Supply is the count of available drivers per geohash cell, maintained as a Redis sorted set or counter updated in real time as drivers change state. The demand/supply ratio per cell is computed by a background job every 30 seconds and stored in Redis for fast reads by the pricing service and the driver-facing heatmap API.

When demand/supply ratio exceeds threshold T1 (e.g., 2.0), the surge pricing multiplier activates for that cell. When ratio exceeds T2 (e.g., 3.5), driver repositioning incentives are triggered: drivers nearby receive push notifications showing the high-demand zone highlighted on their in-app map, along with a guaranteed minimum earnings bonus for trips originating from that zone.

Geospatial Indexing

Driver locations are stored in Redis using the native geospatial commands. When a driver is available and submits a location ping, the system executes: GEOADD drivers:available {longitude} {latitude} {driver_id}. Location pings arrive every 5 seconds from the driver app. The ping handler updates both the Redis geospatial index and the driver_locations table for audit/replay purposes.

To find candidate drivers for a new ride request, the dispatch service executes: GEOSEARCH drivers:available FROMLONLAT {pickup_lon} {pickup_lat} BYRADIUS 5 km ASC COUNT 20. This returns up to 20 nearest available drivers sorted by distance. The COUNT limit prevents the result set from becoming unmanageably large in dense urban areas.

For very high-density markets, the geospatial index can be sharded by city or region. A routing layer maps each request’s geohash to the appropriate Redis shard. This also provides natural failure isolation: an outage in one shard affects only one city’s matching.

Stale driver locations are a concern. If a driver’s app crashes without going offline, their location in the index becomes stale. A TTL-based expiration handles this: a separate sorted set driver:last_ping tracks the last ping timestamp per driver. A background job runs every 30 seconds and removes drivers from drivers:available if their last ping is more than 60 seconds old, transitioning them to offline in the database.

Greedy vs Batch Matching

Greedy matching processes each ride request as it arrives. The dispatch service calls GEOSEARCH, applies filters (rating, vehicle type, acceptance rate), scores candidates, and offers the trip to the top-ranked available driver. This approach is simple, low-latency (sub-100ms to offer generation), and works well under moderate load. The downside is suboptimality: two requests arriving simultaneously in nearby locations might both get assigned to drivers that are close to one but far from the other, when swapping assignments would reduce total ETA.

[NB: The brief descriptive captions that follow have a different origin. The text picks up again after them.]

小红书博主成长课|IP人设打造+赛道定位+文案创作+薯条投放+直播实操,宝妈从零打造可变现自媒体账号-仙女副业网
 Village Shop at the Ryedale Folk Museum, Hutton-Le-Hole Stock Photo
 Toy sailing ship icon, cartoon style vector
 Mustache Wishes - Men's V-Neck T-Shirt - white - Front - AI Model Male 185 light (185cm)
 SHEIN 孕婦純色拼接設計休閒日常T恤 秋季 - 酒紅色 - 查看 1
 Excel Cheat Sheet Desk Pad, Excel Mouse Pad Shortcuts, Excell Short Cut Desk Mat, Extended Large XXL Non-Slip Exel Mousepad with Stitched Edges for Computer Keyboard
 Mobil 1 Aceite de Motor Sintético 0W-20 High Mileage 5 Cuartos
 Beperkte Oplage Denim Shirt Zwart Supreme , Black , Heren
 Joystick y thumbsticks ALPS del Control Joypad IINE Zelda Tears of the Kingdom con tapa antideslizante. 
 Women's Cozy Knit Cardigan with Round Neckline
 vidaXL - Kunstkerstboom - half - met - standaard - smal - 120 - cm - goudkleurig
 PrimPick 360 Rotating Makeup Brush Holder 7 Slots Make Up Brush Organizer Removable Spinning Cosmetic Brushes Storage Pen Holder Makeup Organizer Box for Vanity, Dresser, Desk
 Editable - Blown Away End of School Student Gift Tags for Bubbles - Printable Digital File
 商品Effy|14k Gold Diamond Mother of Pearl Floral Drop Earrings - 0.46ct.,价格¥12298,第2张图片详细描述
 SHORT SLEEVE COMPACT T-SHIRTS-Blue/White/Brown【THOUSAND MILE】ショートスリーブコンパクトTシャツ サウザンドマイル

Batch matching collects all incoming requests over a fixed window (typically 3-5 seconds), then solves the assignment problem over the full set of (requests, available drivers) to minimize total estimated pickup time. The Hungarian algorithm solves this in O(n^3) time; for n up to a few hundred, this runs in well under 1 second. For larger n (major cities at peak), approximate algorithms or auction-based methods are used.

The batch approach improves total system efficiency by 10-20% in dense markets. The trade-off is a fixed delay of up to 5 seconds before the rider receives a driver offer. Most production systems use greedy matching with a short debounce window (1-2 seconds) as a compromise, capturing most of the batch benefit without the full delay.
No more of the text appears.